I started out in Northern Shao Lin, I also hung out with Kempo people.  It gave me a really good base and eye at what I was messing around with. Later I met someone who taught Wing Chun and didn’t care for it.   When I moved to Denver, I met some people who did Wing Chun as well and I started to learn about it.

Later I read an article in Inside Kung Fu magazine and it had a picture of Hawkins Cheung. Later I moved to Los Angles and went down to Dan Insanto’s school. At that time Hawkins was teaching out of his school.

When I finally met Hawkins Cheung it was really interesting, he  was around 5’1 (1.5 meters) and 110 pounds (49kg).  He was pushing a broom and I asked if he was the janitor. He responded “no, I’m the teacher.”  We all have a story like this.  He took me to the back, had me sign something and paid $35 USD.

It was an interesting class; there was a lot of fighting. Not the type of fighting that I would normally see.  It was really progressive.

In a previous conversation, we went into that Sil Lim Tao is also an “internal form.” Can you go into what makes it an internal form?

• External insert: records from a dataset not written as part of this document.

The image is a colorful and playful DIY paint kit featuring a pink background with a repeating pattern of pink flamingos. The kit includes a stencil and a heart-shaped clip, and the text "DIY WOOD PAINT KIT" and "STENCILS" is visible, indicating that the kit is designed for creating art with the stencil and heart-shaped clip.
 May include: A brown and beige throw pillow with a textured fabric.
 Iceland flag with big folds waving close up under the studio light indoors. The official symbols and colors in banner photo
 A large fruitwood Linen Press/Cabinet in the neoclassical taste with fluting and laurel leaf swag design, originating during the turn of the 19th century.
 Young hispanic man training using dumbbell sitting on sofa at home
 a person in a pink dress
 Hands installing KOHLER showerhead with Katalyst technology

I don’t care what system is, all systems are Qi Gong based.  The science from understanding it is pretty unique. For the past 15 years, I’ve been looking into ALL the styles and what makes them internal. If you look at the 3 primary internal arts, Ba Gua, Xin Yi, and Tai Chi, they are all strictly internal arts.   When you breathe, you have to remember when you take in oxygen it is like anything else, when it comes together it actually statically charges.  What is blood made of? Iron.  It attaches itself to the hemoglobin .  Statically charging the Iron.

This is also where Nei Gong (internal martial arts) and iron body training techniques come into place.  Which is why you really want to use Dit Da Jiao when hitting heavy bags.  The goal of Dit Da Jiao is to seal the essence in your hands.   

For those who do not know, what is Dit Da Jiao?

Dit Da Jiao is a combination of herbs, often 15 -23 and sometimes more.  It helps heal and acts as a “seal.”  If you often train and hit
something solid, you are probe to a tremendous amount of injury. 

What types of things would I have to do to make Sil Lim Tao (the first form in Wing Chun) an internal form?

First off, when you are doing the Sil Lim Tao, just start off doing it slowly. In the opening sequence, where you work the Tan hand. Work it 10-15 mins on each side.  Pay attention to the middle figure on your palm and you’ll start to notice that your hand will start to get thick. Do it slow and remember to focus on your middle figure.  That is where the Chi gong starts.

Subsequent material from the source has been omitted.